A position must meet only one of the following criteria to be a specialty occupation:
1) A baccalaureate or higher degree or its equivalent as the normal minimum requirement for entry into the position;
2) The degree requirement is common to the industry in parallel positions among similar organizations;
3) The employer normally requires a degree or its equivalent for the position
4) The nature of the specific duties is so specialized and complex that knowledge required to perform the duties is usually associated with the attainment of a baccalaureate or higher degree.
The fulfillment of even ONE of these above methods alone is wholly sufficient to qualify this position as a specialty occupation.

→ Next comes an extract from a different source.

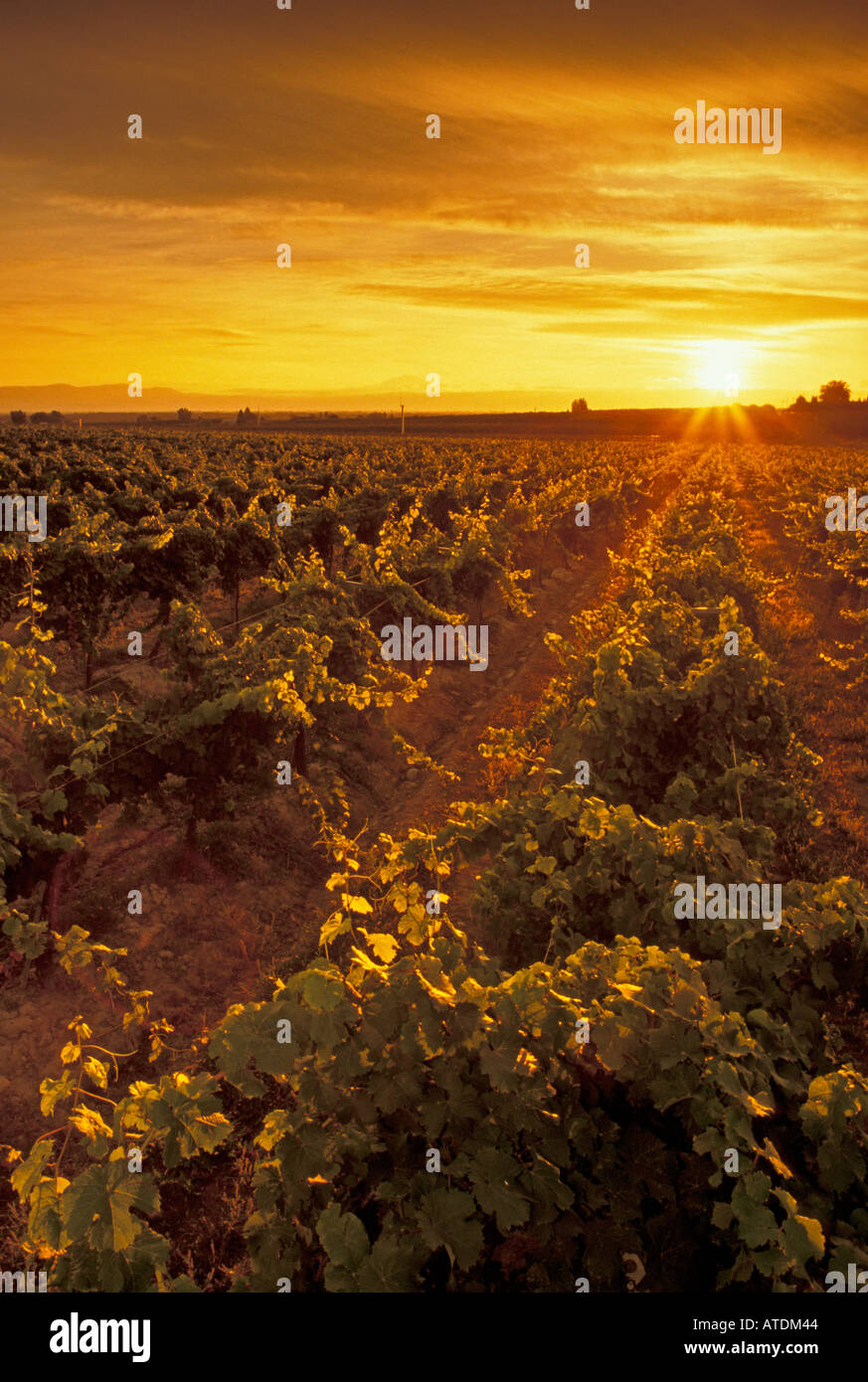 Yakima vineyards hires stock photography and images Alamy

Below is a snippet of the RFE issued by USCIS recently for Specialty Occupation listing the documents needed (All confidential and identifying information has been redacted)
Notes for Practical Purposes:
1. For 3rd party worksite/end-client based positions, a client letter stating the minimum degree requirements will help satisfy such a requirement if the end client requires a minimum of a bachelor or a higher degree in a very specific field.
2. A very detailed job description listing out the job duties and clearly showing the nexus with a bachelors program in a very specific field (by comparing coursework and duties), a high wage level, ONET/Occupational Outlook Handbook requirements for the position are also very useful in proving the position as a specialty occupation position.
3. AD’s of petitioner for similar positions in the past, Degree Copies of previous hires, AD’s of end client for similar positions etc are also very useful to demonstrate that the job is a specialty occupation job.
4. Expert Opinions by Professors lately don’t seem to be very valuable unless used in addition to other evidence. Expert Opinion by Professor just by itself without other additional evidence might not satisfy USCIS on specialty occupation requirement.